DirecTV has satellites at 72.5, 95.0, 99.2, 101.0, 102.8, 109.8, and 119.0. So 119.0 would be the lowest one on the horizon for you.


----------



## unclebrownie (Dec 31, 2001)

moonman said:


> ----------
> Direct 5 is at 110(109.8)...Echostar 8 & 10 also are at 110...........
> http://www.lyngsat.com/packages/directvusa110.html


 Thanks , Unclebrownie


----------



## joetoronto (Jul 26, 2004)

Cwaters said:


> Hey, is 119 the lowest one on the horizon by chance? Any improvement on that one would be better for me... I'm losing my channels now that the trees have leaves ;
> 
> CW


me too.


----------



## SleepyBob (Sep 28, 2000)

Can someone explain why moving from 119.2 to 119.05 would improve reception?


----------



## moonman (Jul 21, 2004)

SleepyBob said:


> Can someone explain why moving from 119.2 to 119.05 would improve reception?


-------------
The move is intended to place 7S closer to where the older multi-satellite dishes can get better gain. The gain on the ParaTodo/Phase2/Phase2-with-SATC is not particularly good (think of it as DirecTV's version of the DiSH 1000 mistake). The new DirecTV "Phase 3" is more forgiving and has a wider focus for both 110 and 119. Moving the 7S its new location is intended to help customers on ParaTodos/Phase2/Phase2-with-SATC get better gain by slightly reducing the spread. This will especially help those areas close to the fringe of spotbeams on 7S. Phase 3 dishes will just see a better signal overall. ParaTodos/Phase2/SatC Mod dishes will get much higher SQ and less rain fade.

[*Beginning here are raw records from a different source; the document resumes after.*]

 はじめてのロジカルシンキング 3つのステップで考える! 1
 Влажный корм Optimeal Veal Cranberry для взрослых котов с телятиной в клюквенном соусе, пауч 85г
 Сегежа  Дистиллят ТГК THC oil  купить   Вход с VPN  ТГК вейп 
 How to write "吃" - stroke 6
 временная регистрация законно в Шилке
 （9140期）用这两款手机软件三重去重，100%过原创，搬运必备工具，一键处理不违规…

No re-aiming will be necessary but it will make peaking for 119 much more easy--perhaps some customers with complaints after the move will be re-peaked.


----------



## joetoronto (Jul 26, 2004)

so the signal on 119 might get better, moonman?


----------



## moonman (Jul 21, 2004)

joetoronto said:


> so the signal on 119 might get better, moonman?

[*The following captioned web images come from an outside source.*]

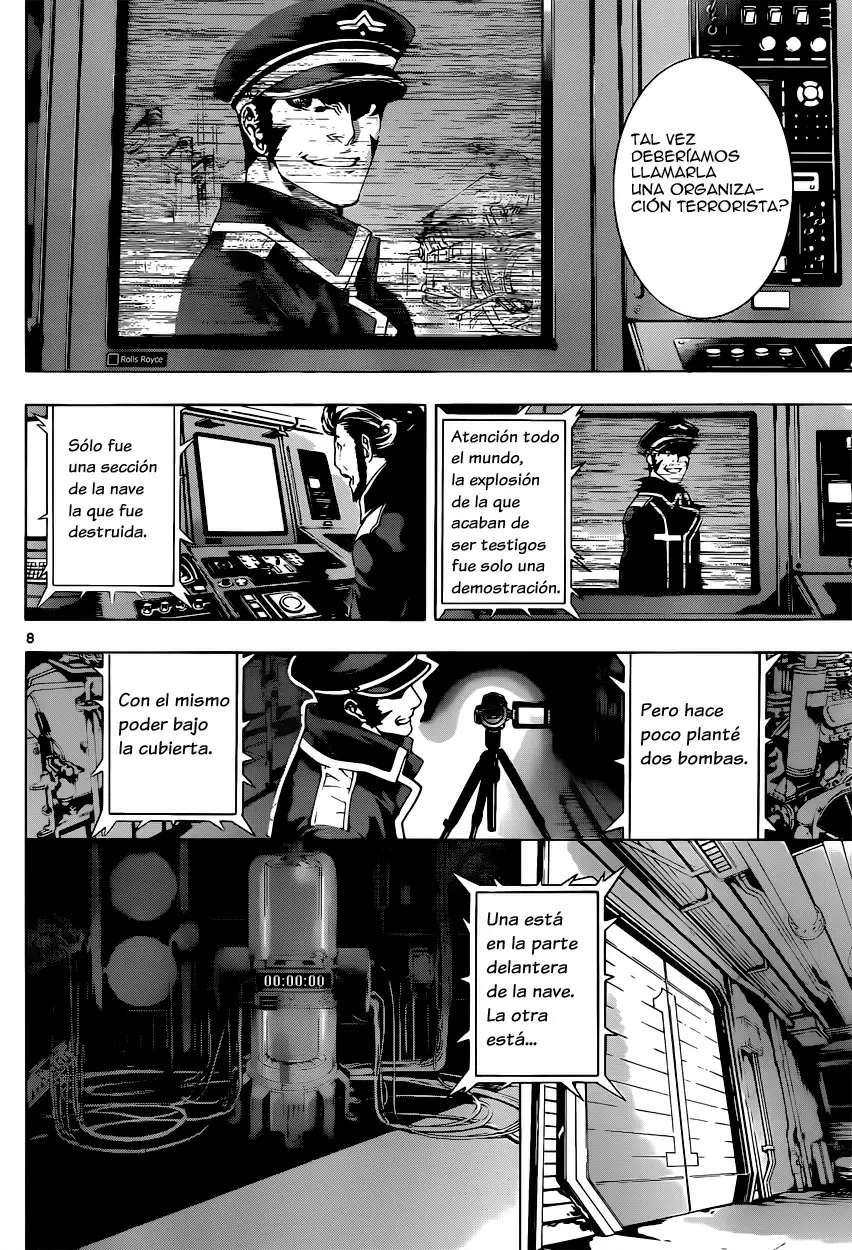 Area D - Inou Ryouiki - Capítulo 4 - Página 7 - LectorTMOo
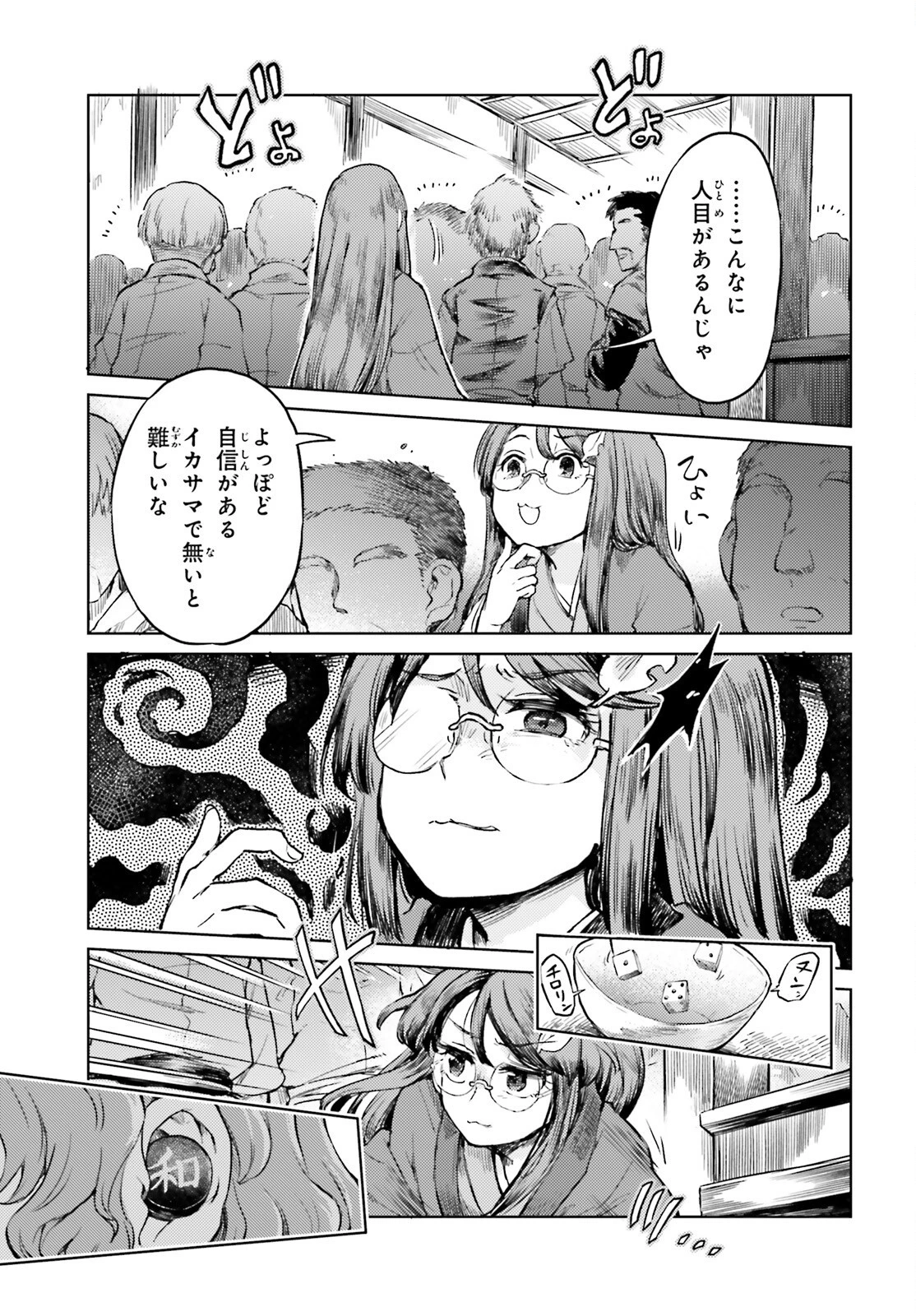 東方酔蝶華ロータスイーター達の酔醒 第51話 - 7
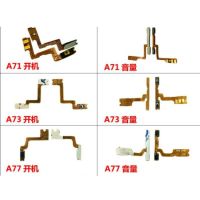 For OPPO A71 A73 A77 Power On Off Button Volume Switch Side Key Buttons Flex Cable Phone Spare Parts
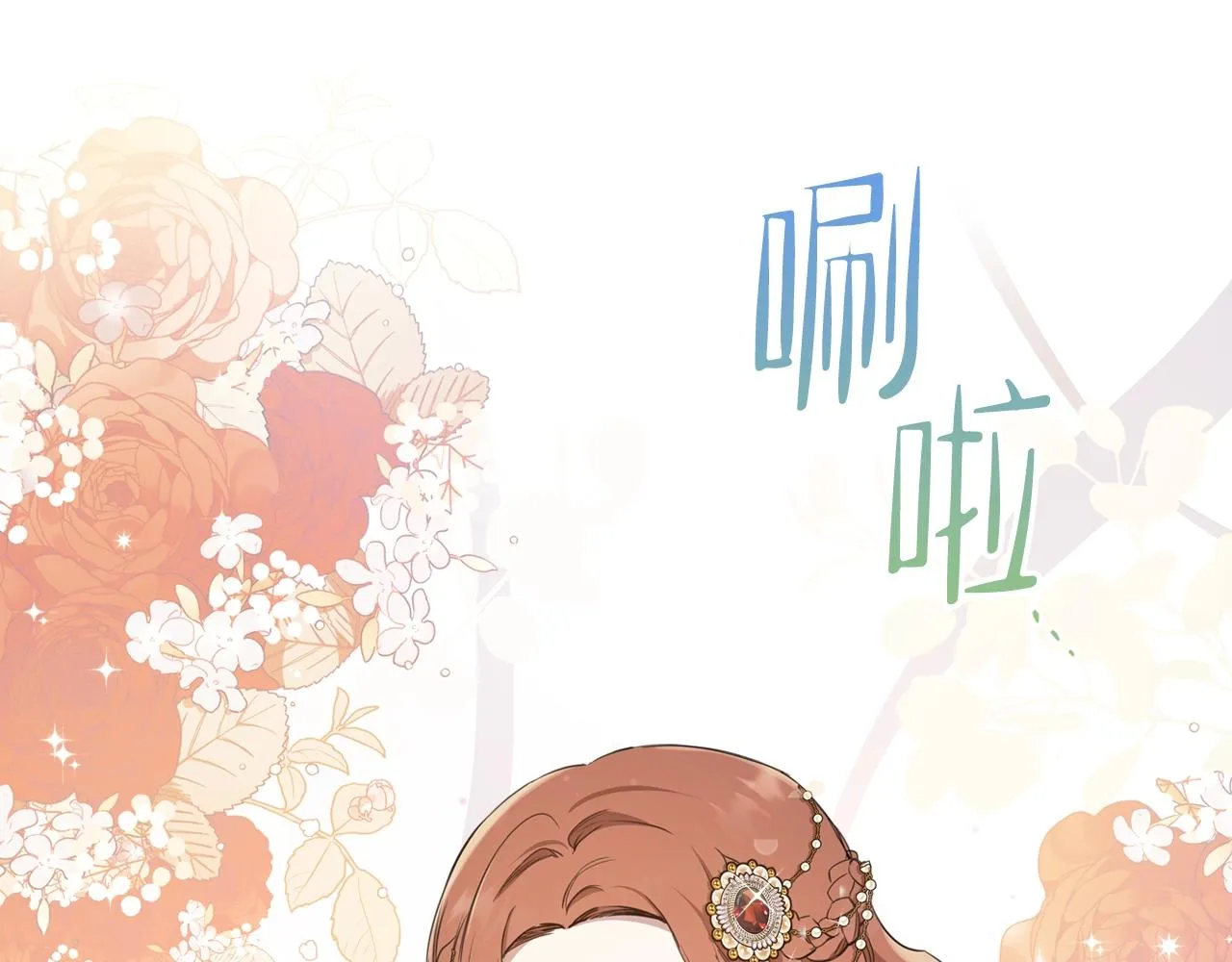 第54话 风起云涌的宴会 第144页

That is what D* has said to the FCC in the request...However it remains to be seen if it becomes a fact.


----------



## bigpuma (Aug 12, 2003)

newsposter said:


> I have 0 on the 119 now. What's my reading going to improve to now?

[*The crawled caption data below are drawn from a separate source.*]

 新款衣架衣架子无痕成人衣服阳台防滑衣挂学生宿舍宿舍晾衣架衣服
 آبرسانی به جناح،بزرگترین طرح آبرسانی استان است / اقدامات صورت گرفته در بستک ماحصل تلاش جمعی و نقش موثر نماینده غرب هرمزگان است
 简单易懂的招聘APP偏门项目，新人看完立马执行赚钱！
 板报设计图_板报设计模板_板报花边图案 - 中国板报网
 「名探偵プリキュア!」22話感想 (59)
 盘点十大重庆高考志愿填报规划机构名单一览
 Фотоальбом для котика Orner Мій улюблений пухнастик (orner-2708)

It should be about 100 times better.


----------



## joetoronto (Jul 26, 2004)

aye carumba.


----------



## poppagene (Dec 29, 2001)

When is this change going to take place and how can we track the process?


----------



## moonman (Jul 21, 2004)

poppagene said:


> When is this change going to take place and how can we track the process?


The request to the FCC has to be approved first. Hopefully they will make it
public when they make the decision.
http://hraunfoss.fcc.gov/edocs_public/attachmatch/DOC-266200A1.pdf


----------